From his rogue fiefdom of Trenton, Corzine has been proposing to hike the state sales tax from 6 percent to 7 percent, arguing that the increase will help eliminate a $4.5 billion budget deficit. His fellow democrats in the state legislature, however, still bear the scars from Gov. Jim Florio's much more radical sales-and-income tax hikes in the early 1990s, which propelled Florio straight to Palookaville and set the stage for the rise of Christine Todd Whitman. Tax fans have rushed in to say toldja so, arguing that Whitman's rollback of the Florio tax is what got the Garden State into this jam. You'd have to be a real precious-metals believer to think that a tax cut enacted more than a decade ago, at a time when scientists claimed the Dow Jones Industrial Average would never top 3,000, explains a $4.5 billion shortfall in a $31 billion budget today. There are few people like that in the New Jersey assembly or state senate, and the impasse over the budget resulted in a shutdown of the state government late last week.
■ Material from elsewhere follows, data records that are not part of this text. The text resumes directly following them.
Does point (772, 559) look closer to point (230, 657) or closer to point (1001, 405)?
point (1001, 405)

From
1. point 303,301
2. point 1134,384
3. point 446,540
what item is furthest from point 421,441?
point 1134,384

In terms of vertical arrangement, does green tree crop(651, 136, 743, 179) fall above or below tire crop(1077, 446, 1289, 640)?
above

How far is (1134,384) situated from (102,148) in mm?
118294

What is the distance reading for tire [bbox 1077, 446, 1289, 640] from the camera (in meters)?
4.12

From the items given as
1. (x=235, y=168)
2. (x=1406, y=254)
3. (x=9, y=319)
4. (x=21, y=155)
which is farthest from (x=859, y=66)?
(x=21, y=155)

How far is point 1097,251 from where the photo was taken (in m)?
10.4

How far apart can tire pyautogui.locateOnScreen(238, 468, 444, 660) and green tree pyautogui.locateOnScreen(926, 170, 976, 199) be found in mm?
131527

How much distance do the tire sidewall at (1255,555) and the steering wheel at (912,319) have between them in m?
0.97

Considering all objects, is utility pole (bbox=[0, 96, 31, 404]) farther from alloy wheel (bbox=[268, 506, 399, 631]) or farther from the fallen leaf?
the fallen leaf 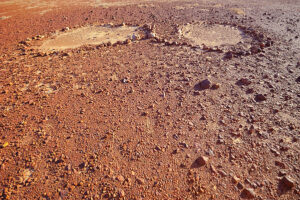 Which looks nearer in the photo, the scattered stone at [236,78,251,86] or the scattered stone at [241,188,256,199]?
the scattered stone at [241,188,256,199]

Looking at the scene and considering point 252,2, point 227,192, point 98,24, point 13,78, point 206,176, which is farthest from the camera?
point 252,2

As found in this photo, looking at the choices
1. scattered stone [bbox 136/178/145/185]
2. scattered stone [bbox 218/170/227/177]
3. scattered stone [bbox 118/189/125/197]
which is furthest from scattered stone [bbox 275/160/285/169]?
scattered stone [bbox 118/189/125/197]

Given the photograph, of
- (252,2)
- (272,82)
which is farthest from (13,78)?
(252,2)

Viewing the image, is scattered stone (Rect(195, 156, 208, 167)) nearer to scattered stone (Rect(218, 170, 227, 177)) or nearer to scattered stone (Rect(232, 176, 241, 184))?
scattered stone (Rect(218, 170, 227, 177))

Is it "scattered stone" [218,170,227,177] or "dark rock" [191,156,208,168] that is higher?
"dark rock" [191,156,208,168]

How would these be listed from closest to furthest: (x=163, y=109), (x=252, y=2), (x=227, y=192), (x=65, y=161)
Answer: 1. (x=227, y=192)
2. (x=65, y=161)
3. (x=163, y=109)
4. (x=252, y=2)

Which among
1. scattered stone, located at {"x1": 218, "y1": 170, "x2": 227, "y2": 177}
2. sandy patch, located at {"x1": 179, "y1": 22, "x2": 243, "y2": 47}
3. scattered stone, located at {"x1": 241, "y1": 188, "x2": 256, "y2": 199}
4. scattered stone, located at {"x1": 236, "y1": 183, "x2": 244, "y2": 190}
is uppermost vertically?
sandy patch, located at {"x1": 179, "y1": 22, "x2": 243, "y2": 47}

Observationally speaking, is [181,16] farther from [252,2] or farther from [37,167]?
[37,167] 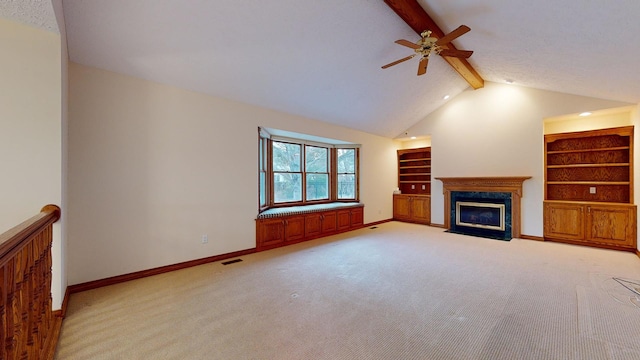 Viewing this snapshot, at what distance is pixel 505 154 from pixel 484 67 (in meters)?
1.99

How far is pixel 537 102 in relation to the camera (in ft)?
17.1

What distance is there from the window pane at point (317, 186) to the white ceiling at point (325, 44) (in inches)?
78.6

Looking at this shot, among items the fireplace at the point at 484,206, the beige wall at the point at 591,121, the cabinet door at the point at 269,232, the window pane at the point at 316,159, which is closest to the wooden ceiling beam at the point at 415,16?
the beige wall at the point at 591,121

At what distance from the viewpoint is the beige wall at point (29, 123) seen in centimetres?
203

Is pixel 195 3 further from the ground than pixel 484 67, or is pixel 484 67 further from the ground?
pixel 484 67

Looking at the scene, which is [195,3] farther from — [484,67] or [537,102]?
[537,102]

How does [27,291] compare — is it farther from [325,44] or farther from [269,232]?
[325,44]

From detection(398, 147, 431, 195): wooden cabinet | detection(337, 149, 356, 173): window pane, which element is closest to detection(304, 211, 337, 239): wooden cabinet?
detection(337, 149, 356, 173): window pane

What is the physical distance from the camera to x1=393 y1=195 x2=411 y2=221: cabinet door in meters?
7.27

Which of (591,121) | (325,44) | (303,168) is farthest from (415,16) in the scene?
(591,121)

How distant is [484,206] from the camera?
229 inches

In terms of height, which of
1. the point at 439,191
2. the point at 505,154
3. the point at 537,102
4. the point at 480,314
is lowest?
the point at 480,314

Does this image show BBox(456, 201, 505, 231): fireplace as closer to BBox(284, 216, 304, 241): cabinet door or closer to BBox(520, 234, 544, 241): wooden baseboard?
BBox(520, 234, 544, 241): wooden baseboard

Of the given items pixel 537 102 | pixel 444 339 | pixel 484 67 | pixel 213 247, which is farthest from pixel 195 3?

As Bill Clinton and Newt Gingrich discovered, the real danger in a government shutdown isn't the Hobbesian nightmare but the Emperor's New Clothes. Once the citizens get a sense of how little they miss the services Uncle Sam and Uncle Jon are providing, we may have a real revolution on our hands. But clever Jersey lawmakers built in a safeguard by not allowing casinos to operate without the state-employed inspectors who surely do a bang-up job of something or other. The $20 million hit to Atlantic City's casinos put pressure on Trenton to resolve the issue. According to reports, the compromise will allow the sales tax increase to go forward, but devote half of the revenue to offsetting property taxes for the next ten years—at which time somebody will be no doubt be arguing that if only Corzine had gotten to use all that tax money, New Jersey wouldn't be having so much trouble with its 2016 budget.